全体が甘くなってしまい、迫力に欠けてしまったという感じの仕上がりでした。濃い役者を揃えたにもかかわらず本当にもったいない。


「女ざかり」
細かいカットの切り返しを繰り返して行くハイスピードな展開で見せるなかなかの秀作。大林宣彦監督作品としては見せられる映画でした。吉永小百合がまだまだ美しいのもいいです。

主人公南弓子が、新聞社の論説委員になるところから映画が始まる。もともと希望していた部署なので、ワクワクして最初の仕事にむかうが、最初の社説でちょっとした書き違いから、どこからともなく、彼女に権力が忍び寄り、配置転換の話になってくる。

物語は、そこから、娘のつてや愛人のつて、果ては大女優だった叔母のつてを頼って解決して行くのが本編。

散りばめられるセリフの数々が知的で、細かい切り返しのカットの連続のスピード感があれよあれよと物語を妙な陰湿にせずに進んで行く。また大林監督独特の遊びシーンも満載され、ちょっとした笑いの種を楽しむのも面白い。

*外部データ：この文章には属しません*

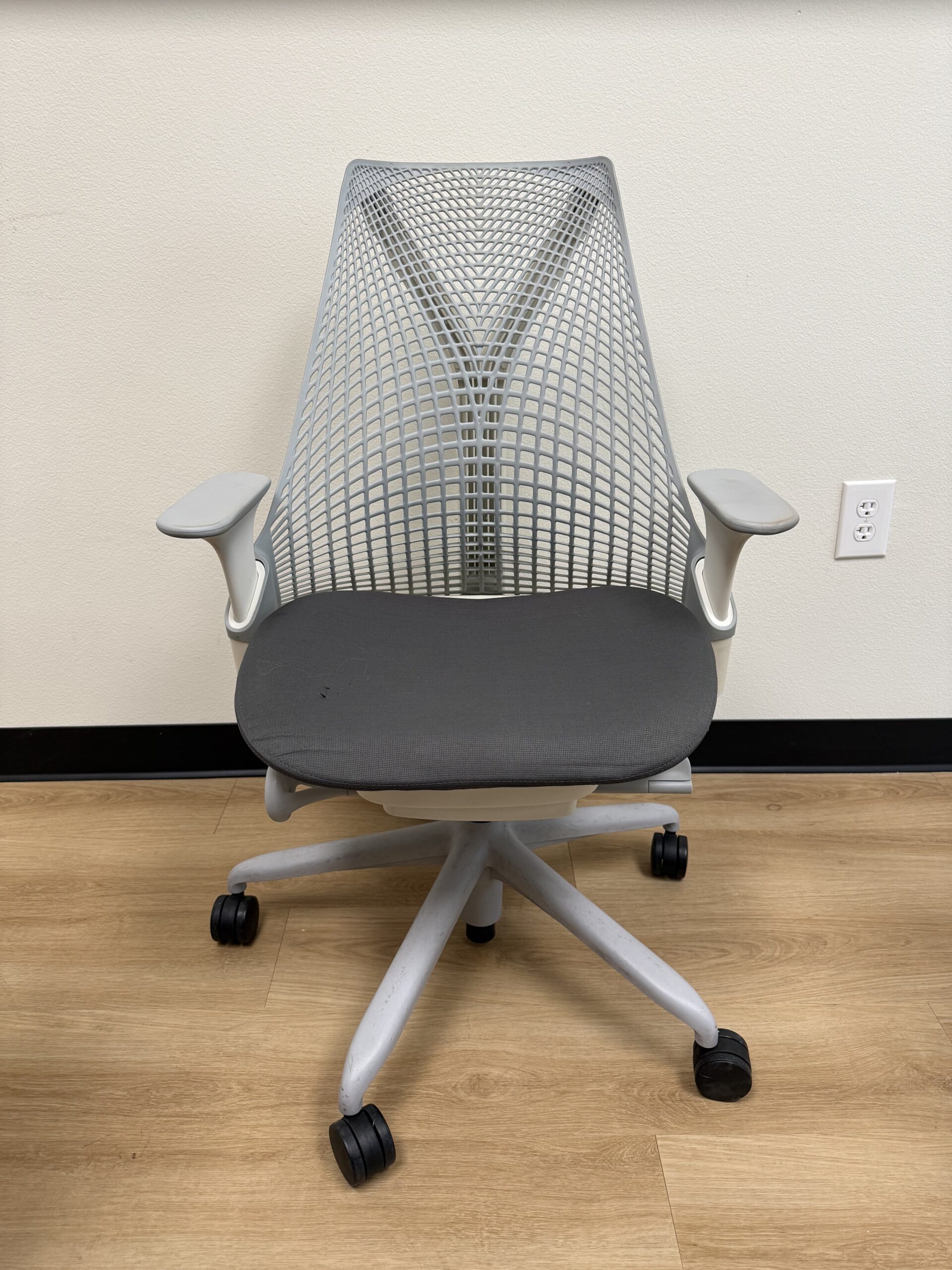 Herman Miller Sayl Chair White Frame Grey Seat Fully Loaded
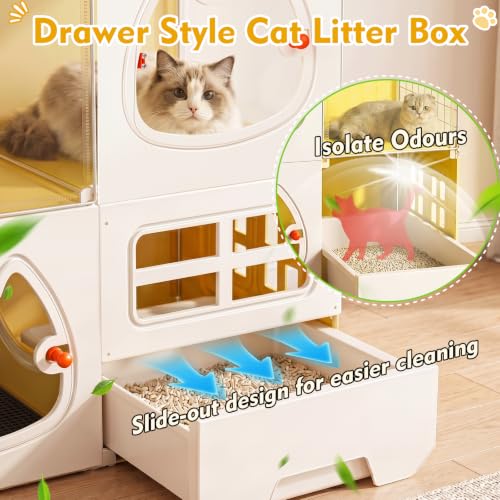 Cat Cage with Litter Box & Clear Door,Indoor Cat Cage Playpen,DIY Cat Enclosures Catio,Multi-Level Detachable Metal,Ferret Cage 42" x 18" x 28" - size: 28.0"L x 18.1"W x 41.7"H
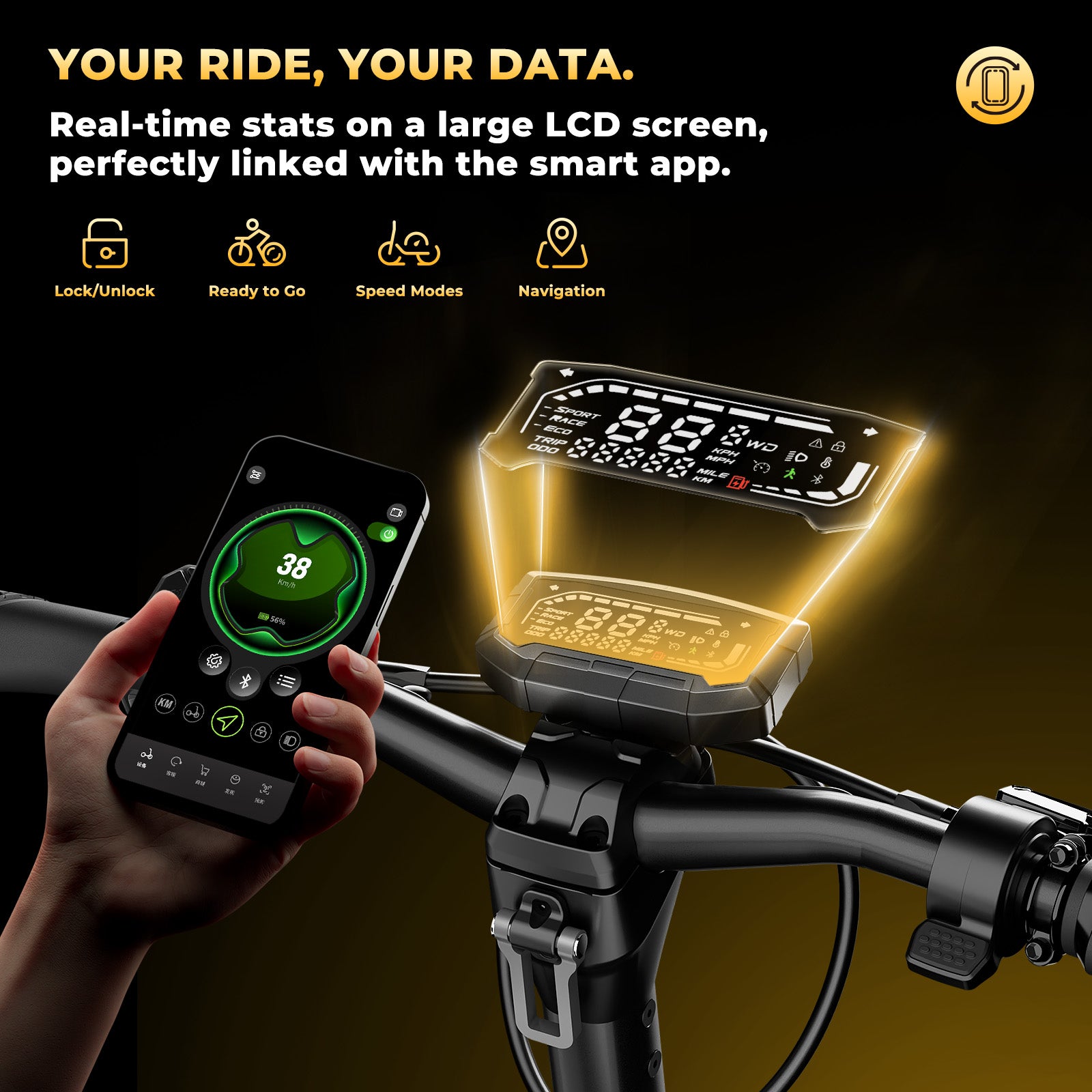 Widok z góry konstrukcji hulajnogi GT4 z szerokim podestem i solidną ramą.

ラストは、うまく解決したものの、そういう日本の新聞社の姿に疑問を感じ、一旦会社を辞めることを決意する。

結構シリアスな物語だが、さらっと軽いタッチで作り上げた手腕は大林タッチというところだと思うし、なかなか楽しかった。


「転校生 さよならあなた」
大林宣彦監督の代表作をセルフリメイクした作品ですが、やはりオリジナルの名作には映画としては及ばなかった感じです。やたら、カメラを斜めに構えた前半部分が正直見苦しい。ただ、蓮佛美沙子は、さすがに見事。新人賞を取るだけの名演技です。

物語は、前作尾道から長野に変わり、幼馴染の一美と一夫がある神社の神水に落ちて入れ替わります。あとは、お互いの体のドタバタに思春期の揺れ動く心の機微そして恋の物語が絡んでくるが、どれ一つとっても前作を超えなかった。

前作が引っ越していって別れ別れになるが今回は一美が不治の病で死んでしまうラスト。病死というのはやや安易な処理の気がしますが、これもまた手段かもしれません。

ただ。中盤から後半ラストまでやや、精彩にかけて、間延びしてくるのが残念。まぁ、前作が傑作だから難しいところでしょうね。